When ready to serve, place chicken cutlets on cookie sheet to finish cooking, about 2 minutes.
Place the arugula in a large bowl. Drizzle with enough extra-virgin olive oil to coat the leaves lightly. Add a squeeze of lemon and some salt and pepper. Toss, taste, and adjust the seasoning.
Divide the cutlets among 4 plates, placing them in the center. Spoon a little Salsa Rosa on each side of the cutlets. Mound the arugula salad on top. With a vegetable peeler, shave a little Parmesan on top of the salad.
Michael's Notes: If you like my version of Chicken Milanese, and I know you will, try the same method on pounded veal, turkey breasts or on very thin swordfish steaks.
Preheat oven to 450 degrees F.
Line a baking sheet with aluminum foil. Brush the bell peppers lightly with olive oil and place on the baking sheet. Bake, turning every 10 to 15 minutes, until the peppers are blistered all over, about 30 minutes total. Transfer the peppers to a brown paper bag, and close tightly so they steam as they cool. You can roast the peppers under the broiler or over a gas flame, if you prefer, but I like to do them in a hot oven. It takes a little longer, but you don't have to monitor them as closely.

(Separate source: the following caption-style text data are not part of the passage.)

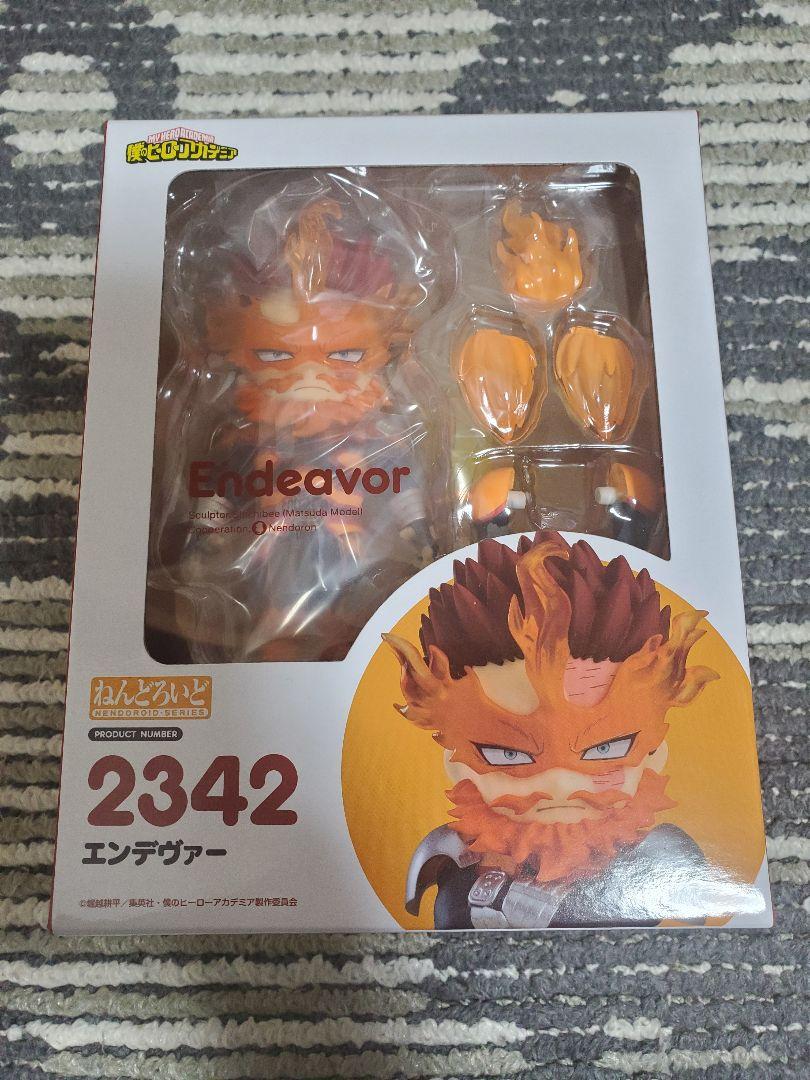 ねんどろいど エンデヴァー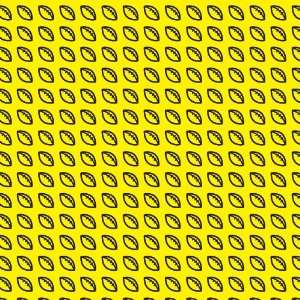 Football Pattern Yellow & Black Vinyl Decal Sheets 12x12 Stickers x3 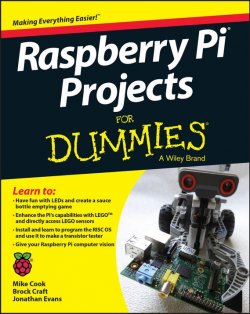 Книга "Raspberry Pi Projects For Dummies" – 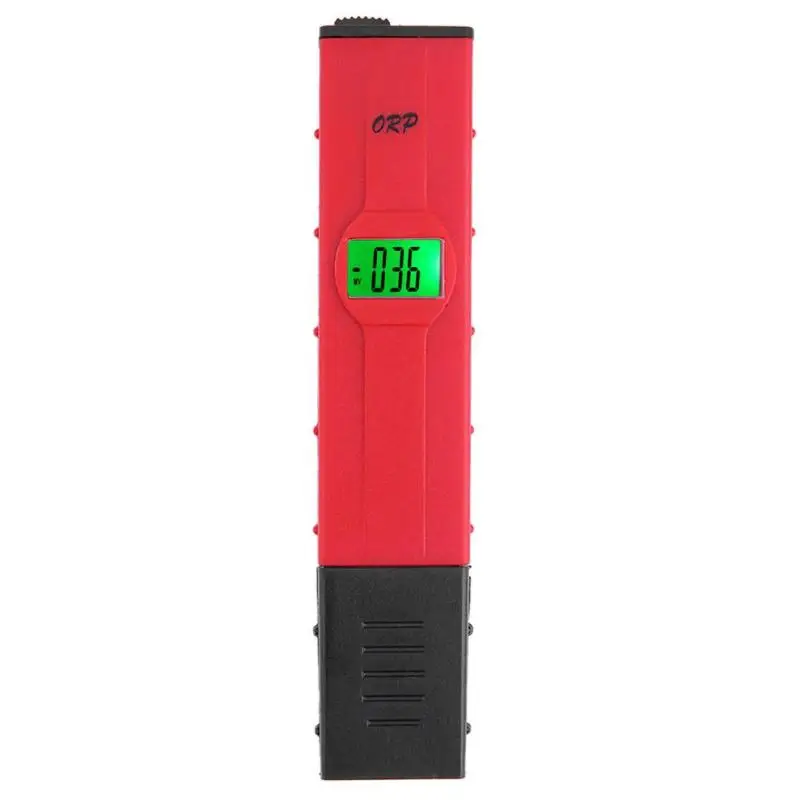 

Portable Digital ORP Meter -1999~1999mg/LmV Water Quality Analyzer Oxidation Reduction Potential Industry Experiment Analyzer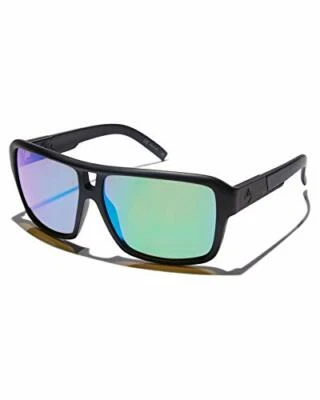 NEW DRAGON Sunglasses DR THE JAM 045 Matte Black with Green Ion Lenses - Image 1 of 4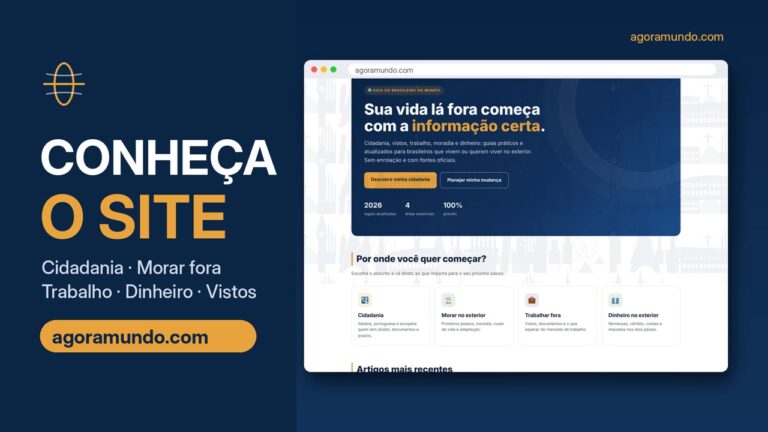 10 notícias para brasileiros no exterior: EUA, Japão, França, Canadá e mais (5 de outubro de 2026)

While peppers are steaming, heat the 2 tablespoons olive oil in a small skillet over high heat. Add the whole chiles, lower the heat to moderate, and cook, turning occasionally, until the chiles are softened, lightly browned, and blistered on all sides, about 8 to 10 minutes. Remove the skillet from the heat and let the chilies cool in the oil for several minutes. When cool enough to handle, remove the stems.
Add more oil to the skillet, if needed, to make 2 tablespoons. Reheat the oil over moderate heat and add the garlic. Cook until lightly browned, about 30 seconds, then add the oregano and saute briefly to release its fragrance. Add the tomato puree and salt, bring to a simmer, and simmer for about 5 minutes to thicken slightly.
Remove peppers from bag, peel and remove the stems, seeds, and ribs; avoid the temptation to rinse the peppers, which would wash away flavor. You should have about 4 cups.
Combine the red peppers, serrano chiles, and tomato sauce in a blender and puree until smooth. Add the vinegar and the black pepper to taste and puree again. Taste and adjust the seasoning. Refrigerate for up to 5 days or freeze for up to 4 months.